The vacuum melting of C103 niobium alloy is a crucial step in the production of this high-performance material. The key lies in achieving high purity and uniform composition of the ingot through a high vacuum environment and multiple melting processes, which lays the foundation for its subsequent processing and excellent performance. It enhances its strength through solid solution strengthening (Hf, Ti, Zr are incorporated into the Nb matrix) and dispersion strengthening (compounds are formed by Hf and C, O). It also possesses excellent high-temperature properties, good plasticity and weldability, making it an ideal material for manufacturing aerospace high-temperature components such as rocket engine nozzles and thrust chambers.
The melting of C103 alloy mainly adopts vacuum self-dissolution arc melting (VAR) or electron beam melting (EBM). Due to the presence of high-melting-point niobium and low-melting-point titanium and zirconium in the alloy, ensuring uniform composition is the core difficulty of the process. Preparation of electrodes: This is the preparatory stage before melting. One of the core methods is the self-dissolution electrode method, which involves first using powder metallurgy or welding methods to form a "self-dissolution electrode" with initially uniform composition from the alloy elements. For example, one process is to first sinter W, Ta, and Nb powders into an intermediate alloy, then weld Hf, Ti, and Zr plates on its surface, and finally form the self-dissolution electrode.

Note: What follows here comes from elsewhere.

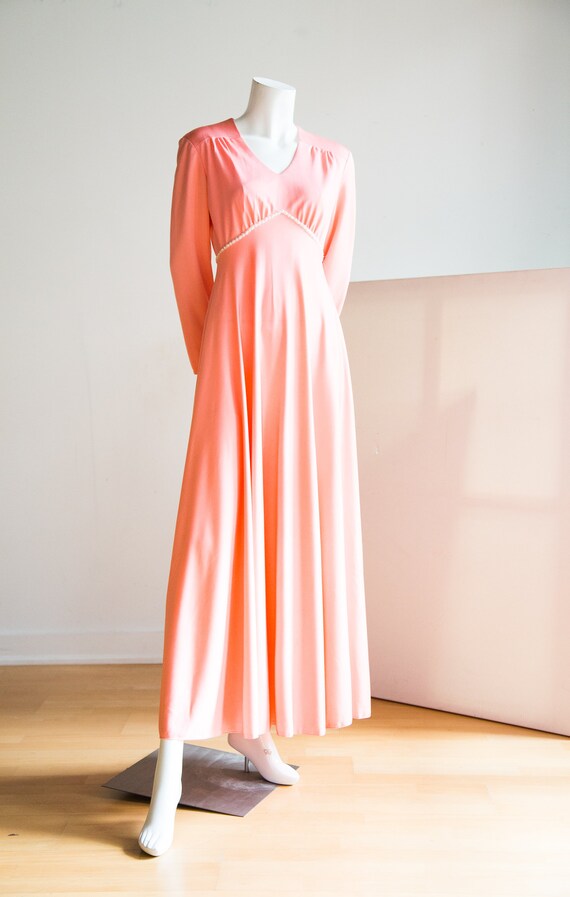 Long Sleeve Pink Modest Dress | Empire Waist Dress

Vacuum melting involves placing the prepared electrodes into a vacuum furnace for melting. A high vacuum environment is crucial as it can effectively remove gases (such as O, N, H) and volatile impurities from the metal, preventing the alloy from oxidizing at high temperatures. Melting usually requires two to three cycles (i.e., secondary melting or tertiary melting), and each remelting process can further improve the chemical composition uniformity of the ingot and reduce segregation and defects. The ingots obtained from melting cannot be used directly. They need to undergo high-temperature homogenization treatment to eliminate casting stresses and further uniform the structure. Then, through plastic processing methods such as forging, extrusion, and rolling, the ingots are processed into the required plates, rods, tubes, or forgings. During the processing, vacuum annealing is also interspersed to eliminate work hardening and restore the plasticity of the material.

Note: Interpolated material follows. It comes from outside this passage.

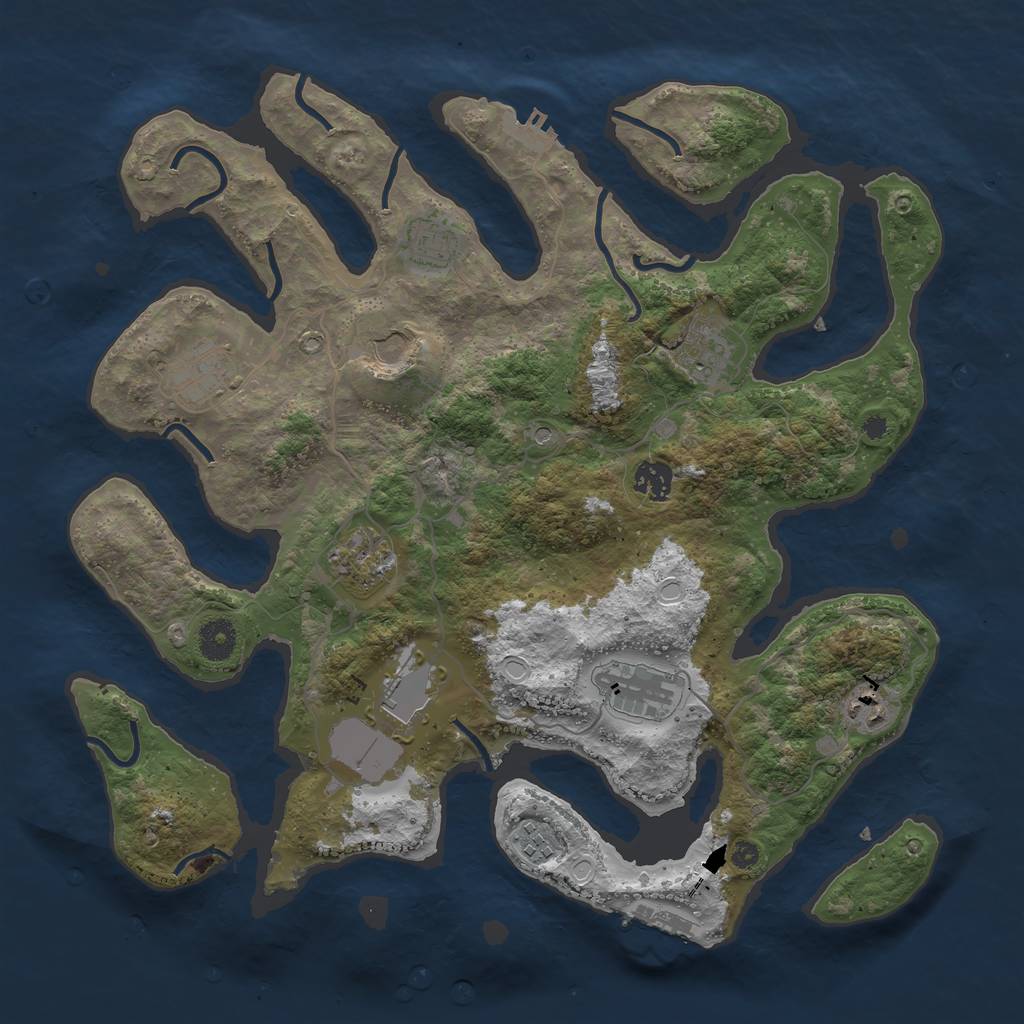 Rust Map: Procedural Map, Size: 3850, Seed: 225631758, 18 Monuments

Key control points for vacuum degree throughout the process: ≤5×10⁻³ Pa (VAR), ≤1×10⁻⁴ Pa (EBM), to prevent Hf/Ti from oxidizing and forming hard and brittle inclusions. Uniform composition, precise electrode ratio, stable melting rate, multiple melts, avoiding Hf/Ti segregation. Molten pool control: stable arc/electron beam, appropriate molten pool depth, preventing component stratification and porosity. Cooling speed: strong cooling of water-cooled copper crucible, refining grains, reducing columnar crystals, improving subsequent processing performance. Impurity control: high-purity raw materials, clean furnace chamber, no graphite contamination (C103 avoids brittle carbon).
The post-casting treatment involves uniform annealing at 1600°C for 3 hours, under vacuum/argon protection, with furnace cooling, to eliminate dendritic segregation and improve plasticity.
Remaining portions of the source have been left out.